* [Exercise material]
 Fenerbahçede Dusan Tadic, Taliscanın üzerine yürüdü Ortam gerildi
--
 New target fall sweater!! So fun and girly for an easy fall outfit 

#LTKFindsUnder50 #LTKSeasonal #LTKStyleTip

* [Task objective]
Taking the lines above, repeat exactly those from the line that contains "New target fall" through the line that contains "#LTKFindsUnder50 #LTKSeasonal #LTKStyleTip", and both of those lines as well. Include nothing else.

* [Answer section]
 New target fall sweater!! So fun and girly for an easy fall outfit 

#LTKFindsUnder50 #LTKSeasonal #LTKStyleTip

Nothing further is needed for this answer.